== ABOUT THIS TASK ==
In the listing below, locate the line that contains "Statue With Frame" and the line that contains "John Deere 950J". Restate word for word those two lines and every line between them, and nothing else.

== DATA RECORDS ==
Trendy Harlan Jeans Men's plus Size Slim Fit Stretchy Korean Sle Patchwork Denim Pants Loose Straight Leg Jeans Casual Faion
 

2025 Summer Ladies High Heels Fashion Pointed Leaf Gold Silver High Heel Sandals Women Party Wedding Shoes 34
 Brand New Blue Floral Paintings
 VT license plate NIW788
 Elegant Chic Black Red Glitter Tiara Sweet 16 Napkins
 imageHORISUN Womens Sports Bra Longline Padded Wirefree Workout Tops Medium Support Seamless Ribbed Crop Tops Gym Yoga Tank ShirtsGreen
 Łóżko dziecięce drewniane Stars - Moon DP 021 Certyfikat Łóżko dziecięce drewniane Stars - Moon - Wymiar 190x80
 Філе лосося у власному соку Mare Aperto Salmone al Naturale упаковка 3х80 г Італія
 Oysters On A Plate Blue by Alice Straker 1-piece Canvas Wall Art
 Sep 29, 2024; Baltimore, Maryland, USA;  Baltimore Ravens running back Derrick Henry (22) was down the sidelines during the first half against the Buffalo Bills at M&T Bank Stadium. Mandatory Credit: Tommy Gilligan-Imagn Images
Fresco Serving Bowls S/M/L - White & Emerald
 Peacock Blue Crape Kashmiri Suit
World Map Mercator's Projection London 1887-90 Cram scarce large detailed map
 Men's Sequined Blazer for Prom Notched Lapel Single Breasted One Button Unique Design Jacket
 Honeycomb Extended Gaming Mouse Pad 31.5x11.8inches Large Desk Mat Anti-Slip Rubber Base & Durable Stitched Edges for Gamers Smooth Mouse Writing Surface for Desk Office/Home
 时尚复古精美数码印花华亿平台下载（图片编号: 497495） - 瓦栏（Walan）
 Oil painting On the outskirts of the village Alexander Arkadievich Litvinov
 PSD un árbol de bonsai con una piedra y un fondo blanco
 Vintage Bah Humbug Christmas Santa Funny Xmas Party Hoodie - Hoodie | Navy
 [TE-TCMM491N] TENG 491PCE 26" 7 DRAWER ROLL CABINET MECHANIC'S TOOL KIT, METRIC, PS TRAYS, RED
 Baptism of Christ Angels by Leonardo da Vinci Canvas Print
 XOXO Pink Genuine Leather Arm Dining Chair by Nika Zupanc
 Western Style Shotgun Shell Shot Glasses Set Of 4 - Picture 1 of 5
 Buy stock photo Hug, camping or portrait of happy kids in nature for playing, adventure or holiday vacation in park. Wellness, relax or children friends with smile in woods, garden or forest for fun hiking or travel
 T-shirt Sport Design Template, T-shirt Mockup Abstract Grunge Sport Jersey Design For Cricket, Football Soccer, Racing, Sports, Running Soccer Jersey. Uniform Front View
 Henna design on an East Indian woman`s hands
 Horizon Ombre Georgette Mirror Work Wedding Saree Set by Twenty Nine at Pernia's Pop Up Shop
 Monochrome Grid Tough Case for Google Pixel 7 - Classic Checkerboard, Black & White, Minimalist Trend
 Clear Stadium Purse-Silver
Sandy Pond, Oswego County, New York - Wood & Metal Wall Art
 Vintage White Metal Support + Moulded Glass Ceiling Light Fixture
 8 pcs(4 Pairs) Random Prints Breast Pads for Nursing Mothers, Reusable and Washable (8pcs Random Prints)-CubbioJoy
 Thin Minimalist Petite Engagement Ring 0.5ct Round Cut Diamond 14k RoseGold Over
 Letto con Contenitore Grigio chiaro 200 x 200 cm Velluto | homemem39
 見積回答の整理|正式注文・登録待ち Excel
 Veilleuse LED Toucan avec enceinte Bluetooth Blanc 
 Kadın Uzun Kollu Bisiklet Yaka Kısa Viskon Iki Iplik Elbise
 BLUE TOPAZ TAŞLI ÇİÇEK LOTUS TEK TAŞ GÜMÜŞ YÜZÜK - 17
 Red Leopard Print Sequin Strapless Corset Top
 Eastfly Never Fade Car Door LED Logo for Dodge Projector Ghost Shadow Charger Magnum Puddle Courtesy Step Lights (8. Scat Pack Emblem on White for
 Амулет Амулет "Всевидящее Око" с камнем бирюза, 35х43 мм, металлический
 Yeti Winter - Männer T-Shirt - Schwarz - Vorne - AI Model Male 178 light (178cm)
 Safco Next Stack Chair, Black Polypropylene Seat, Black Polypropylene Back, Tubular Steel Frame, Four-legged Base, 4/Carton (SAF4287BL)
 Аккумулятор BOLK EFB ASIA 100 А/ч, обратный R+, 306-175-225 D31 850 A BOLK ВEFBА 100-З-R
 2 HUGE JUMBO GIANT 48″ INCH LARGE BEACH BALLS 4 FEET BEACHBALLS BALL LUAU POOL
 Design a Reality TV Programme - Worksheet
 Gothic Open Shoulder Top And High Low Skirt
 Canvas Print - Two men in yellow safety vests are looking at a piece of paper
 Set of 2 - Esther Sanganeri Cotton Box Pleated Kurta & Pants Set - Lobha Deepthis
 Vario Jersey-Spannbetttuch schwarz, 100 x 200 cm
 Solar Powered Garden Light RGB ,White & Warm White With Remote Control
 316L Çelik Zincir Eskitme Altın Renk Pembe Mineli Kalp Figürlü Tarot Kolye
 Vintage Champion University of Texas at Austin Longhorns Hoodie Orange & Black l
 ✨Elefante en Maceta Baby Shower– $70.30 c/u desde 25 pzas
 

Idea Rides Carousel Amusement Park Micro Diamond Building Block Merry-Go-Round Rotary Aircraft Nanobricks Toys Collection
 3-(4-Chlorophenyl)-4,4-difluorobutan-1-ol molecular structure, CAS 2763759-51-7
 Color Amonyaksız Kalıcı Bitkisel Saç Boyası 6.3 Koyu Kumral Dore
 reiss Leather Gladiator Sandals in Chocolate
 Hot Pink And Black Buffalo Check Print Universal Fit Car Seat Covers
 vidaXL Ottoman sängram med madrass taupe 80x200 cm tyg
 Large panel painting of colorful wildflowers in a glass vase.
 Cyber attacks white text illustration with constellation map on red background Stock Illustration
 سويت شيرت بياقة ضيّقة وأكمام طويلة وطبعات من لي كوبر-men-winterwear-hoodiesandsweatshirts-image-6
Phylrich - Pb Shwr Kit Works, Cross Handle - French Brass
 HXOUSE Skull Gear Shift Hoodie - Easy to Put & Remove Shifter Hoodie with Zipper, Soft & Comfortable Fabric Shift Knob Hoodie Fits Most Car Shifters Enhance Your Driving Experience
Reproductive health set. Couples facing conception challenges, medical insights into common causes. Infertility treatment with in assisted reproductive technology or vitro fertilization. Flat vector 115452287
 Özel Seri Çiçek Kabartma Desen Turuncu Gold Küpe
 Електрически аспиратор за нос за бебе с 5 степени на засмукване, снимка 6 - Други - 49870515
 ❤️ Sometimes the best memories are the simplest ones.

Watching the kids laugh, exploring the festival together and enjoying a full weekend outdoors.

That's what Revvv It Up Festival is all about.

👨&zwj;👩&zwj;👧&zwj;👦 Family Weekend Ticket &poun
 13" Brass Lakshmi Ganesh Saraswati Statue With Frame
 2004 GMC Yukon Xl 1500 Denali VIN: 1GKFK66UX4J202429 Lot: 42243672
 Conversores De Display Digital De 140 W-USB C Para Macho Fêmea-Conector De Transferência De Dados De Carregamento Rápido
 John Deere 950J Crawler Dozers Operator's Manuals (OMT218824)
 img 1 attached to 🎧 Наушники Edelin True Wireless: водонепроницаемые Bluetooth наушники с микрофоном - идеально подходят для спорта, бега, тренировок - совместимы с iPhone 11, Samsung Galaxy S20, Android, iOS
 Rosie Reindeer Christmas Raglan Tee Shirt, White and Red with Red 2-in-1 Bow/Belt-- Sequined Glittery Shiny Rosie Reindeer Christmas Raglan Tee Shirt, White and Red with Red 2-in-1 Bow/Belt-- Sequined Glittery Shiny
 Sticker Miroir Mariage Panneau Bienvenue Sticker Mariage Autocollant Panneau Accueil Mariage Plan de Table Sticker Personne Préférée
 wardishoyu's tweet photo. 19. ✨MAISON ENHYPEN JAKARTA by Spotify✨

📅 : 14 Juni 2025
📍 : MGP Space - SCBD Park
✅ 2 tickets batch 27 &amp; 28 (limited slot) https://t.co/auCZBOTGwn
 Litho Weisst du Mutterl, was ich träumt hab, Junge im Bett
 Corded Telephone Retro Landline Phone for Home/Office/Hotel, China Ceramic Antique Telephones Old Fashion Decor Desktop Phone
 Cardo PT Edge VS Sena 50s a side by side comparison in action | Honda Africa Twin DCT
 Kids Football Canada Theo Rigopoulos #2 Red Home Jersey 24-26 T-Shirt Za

== RESPONSE AREA ==
 13" Brass Lakshmi Ganesh Saraswati Statue With Frame
 2004 GMC Yukon Xl 1500 Denali VIN: 1GKFK66UX4J202429 Lot: 42243672
 Conversores De Display Digital De 140 W-USB C Para Macho Fêmea-Conector De Transferência De Dados De Carregamento Rápido
 John Deere 950J Crawler Dozers Operator's Manuals (OMT218824)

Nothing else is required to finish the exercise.